Rights Against Discrimination

A Fight Against Racism: The Racial Justice Movement

Racial Justice Movement

The racial justice movement aims to bring about racial equity and end discrimination.

“I have a dream that one day this nation will rise up and live out the true meaning of its creed: ‘We hold these truths to be self-evident, that all men are created equal.’

I have a dream that one day, on the red hills of Georgia, the sons of former slaves and the sons of former slave owners will be able to sit down together at the table of brotherhood.

…. I have a dream that my four little children will one day live in a nation where they will not be judged by the color of their skin but by the content of their character.”

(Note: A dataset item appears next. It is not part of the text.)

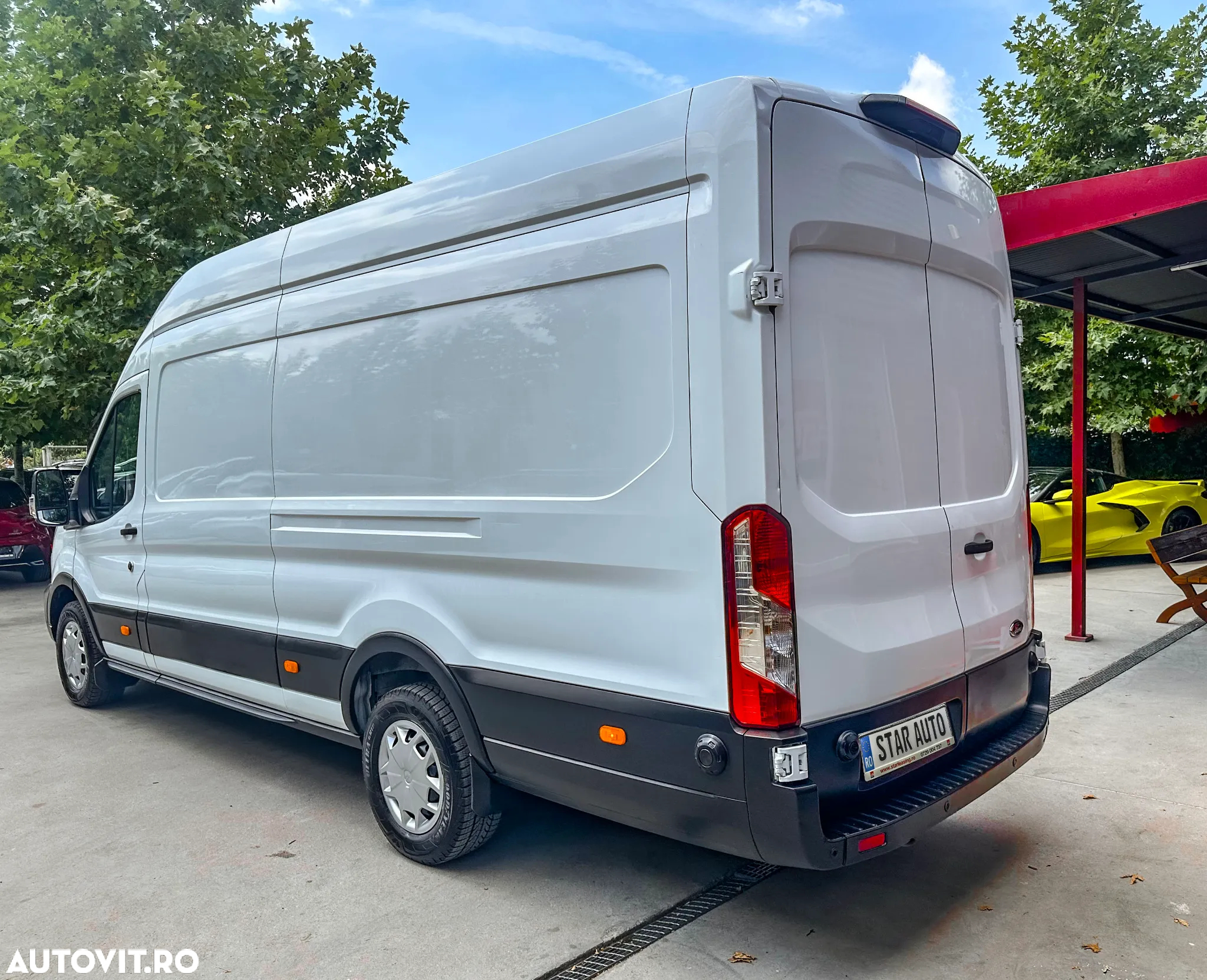 Ford Transit - 4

This is the iconic speech delivered by Dr. Martin Luther King Junior, the father of the civil rights movement. This upholds the basic skeleton of the movement for racial justice that carries on to date.

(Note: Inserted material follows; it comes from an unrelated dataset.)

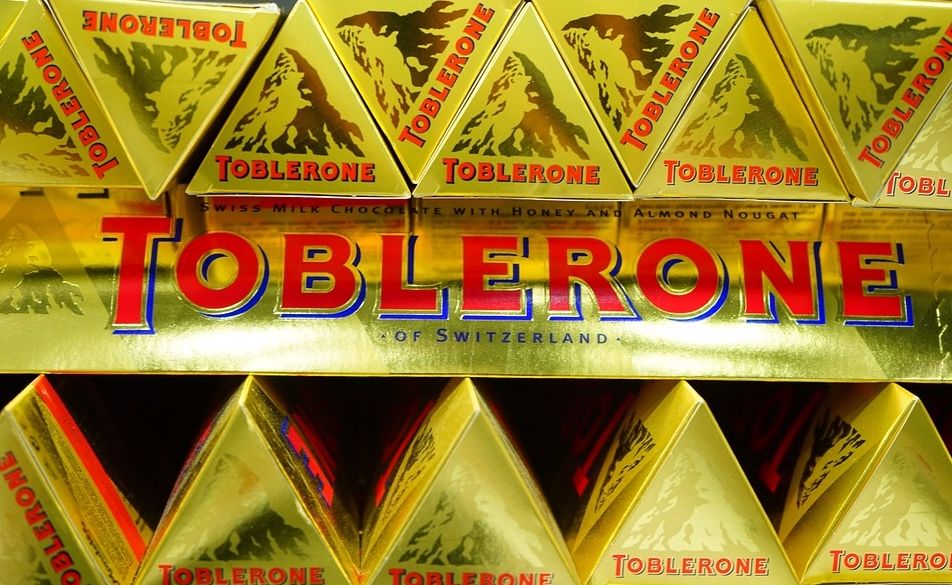 Toblerone (cc - Pixabay - Hans)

If you are familiar with the Black Lives Matter movement- a 21st-century manifestation of the racial justice movement, you must also know where it all started. You enjoy the freedom from discrimination of all types. Today, the racial justice movement has a million advocates and supporters all over the world, especially in the United States.

So without much delay, let’s get on to the real deal.

What Is The Racial Justice Movement?

The racial justice movement is a socio-political as well as economic movement that started way back in the 18th and 19th Centuries with the abolitionist movement. 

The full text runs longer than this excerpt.